Auf den BMW 1800 hatten viele gewartet. Bereits 1961 in Frankfurt als BMW 1500 präsentiert und ab 1962 verkauft, legte er 1963 als BMW 1800 richtig los. Da war sie also endlich, die schnelle und geräumige Limousine für die ganze Familie. Zwei Buchstaben am Heck würzten noch mal kräftig nach. Als TI wurde er zum Sportwagen, der Rennen und Rallyes gewinnen konnte. Mit der Neuen Klasse fuhr BMW in eine Marktlücke. Und ließ eine Zeit voller Sorgen endgültig hinter sich.

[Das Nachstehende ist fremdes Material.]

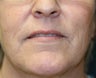 Corner of Lip Lift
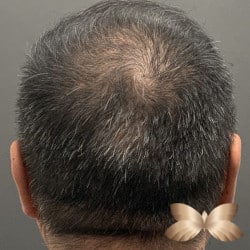 Hair Loss Treatment with Acell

Ein über und über dreckverschmierter BMW in der einsetzenden Abenddämmerung eines feuchten, regnerischen Tages. Das Licht der Scheinwerfer spiegelt sich in den Pfützen und ersten Nebelschleiern. Ein Mann kehrt nach Hause zurück, hält an, steigt aus, holt seinen Fahrerhelm und den gerade gewonnenen Pokal aus dem Kofferraum. Er lächelt zufrieden, denn es war wohl ein Tag nach seinem Geschmack. Morgen wird er den Wagen waschen und dann, in Anzug und Krawatte, mit ihm wieder wie gewohnt ins Büro fahren. Warum auch nicht, schließlich fährt er einen BMW 1800 TI.
Straße und Rennstrecke.
So dramatisch, aber gleichzeitig nicht mal übertrieben, wirbt BMW Mitte der 60er-Jahre für das Spitzenmodell der neuen Baureihe, den 1963 zusammen mit dem schwächer motorisierten 1800 präsentierten 1800 TI. Angeboten wird eine geräumige Mittelklasselimousine, die wie nebenbei Rennen und Rallyes gewinnt, Rekorde aufstellt, zum Seriensieger wird. Ein Solex-Doppel-Flachstromvergaser sorgt für eine noch bessere Füllung der vier Zylinder, die maximale Leistung von 110 PS steht bei 5.800 Kurbelwellenumdrehungen an. Die Höchstgeschwindigkeit liegt bei 175 km/h und die Beschleunigung auf Hundert bei rund 11 Sekunden. Damals, in einem Land mit gerade mal 10,5 Millionen Kraftfahrzeugen (Stand 1. Juli 1963), davon 6,8 Millionen PKW, mit Kleinwagen, die kaum 20 oder höchstens 30 PS anschoben, und Limousinen mit 45 bis 60 PS, waren das Welten. Nur echte und meist viel teurere Sportwagen und Luxuslimousinen konnten das noch besser, viele aber, die sich mit dem Sport-Schriftzug schmückten, hatten Schwierigkeiten, überhaupt mitzuhalten.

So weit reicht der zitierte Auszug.